Beginning with the words of Christ that he himself is our life, Saint Paul explains to the Christians of the Church of the Colossians, and through them to Christians throughout the ages, how they can become sharers in the life of Christ, how they can take Christ’s life. ‘Put to death your members which are on earth’. This, my brothers and sisters, is the way that the epistle points to. ‘Put to death your members which are on earth’, is what he says.

This is the way for Saint Paul. This is the requirement if Christ is to give us his life. It may seem paradoxical, but it’s the truth declared by Christ and his apostle.

The life of Christ isn’t the life given to us by God when we come into the world. This life is the merest smidgeon of the life for which God created us, i.e. eternal life, the life of which we were deprived when our first ancestors disobeyed God’s commandment and he allowed death to enter our lives so that the evil wouldn’t last forever. The life of Christ is what gives us the opportunity to become sharers in eternal life, provided we experience it during our life on earth. And since we can’t live two lives at the same time- our own life and that of Christ- Saint Paul calls upon us to deliberately deny our own, in order to live that of Christ.

Naturally, he doesn’t require  us to die, but to put to death our members on earth, that is to say those features of our life which prevent us from living the life of Christ. He doesn’t ask us to put to death the human members which the Lord gave us to serve our needs, to communicate with others and to enjoy the nature given us by God. He asks us to put to death, to extinguish, expunge and root out everything that prevents us experiencing the life of Christ; everything that’s an obstacle to the life of Christ being born in us and existing within us. This means our passions and weaknesses, our faults and badness, the sinful desires and wicked thoughts which preoccupy our mind and soul. It’s all those things which take over our inner person and prevent Christ from abiding within us, regenerating our soul and life.

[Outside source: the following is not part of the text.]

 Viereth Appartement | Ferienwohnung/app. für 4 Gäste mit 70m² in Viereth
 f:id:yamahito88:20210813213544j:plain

It’s all those things which are firmly opposed to Christ’s presence  within us, because they don’t want to lose the predominance they enjoy. It’s everything that attempts to separate us from God, instead of impelling us towards good, instead of urging us to live in accordance with his commandments. They try to lure us into spiritual lethargy and sloth. They try to convince us that it doesn’t matter if we’re not too observant as regards the teachings of the Gospel and the Church; that it doesn’t matter if we neglect our obligations towards God; if we break his commandments; if we do the opposite to what God wants and what he teaches.

All of this, my brothers and sisters, prevents the life of Christ from being born within our soul. This is why Saint Paul urges us to put all of it to death, so that we can become sharers in the life of Christ. We have to put all of these things to death before they do the same to our soul and bring us to spiritual death and the loss of eternal life. We must put them to death before we reach the end of our earthly life, so that we, too, may be permitted, as sharers in the life of Christ, to become inheritors of his eternal life.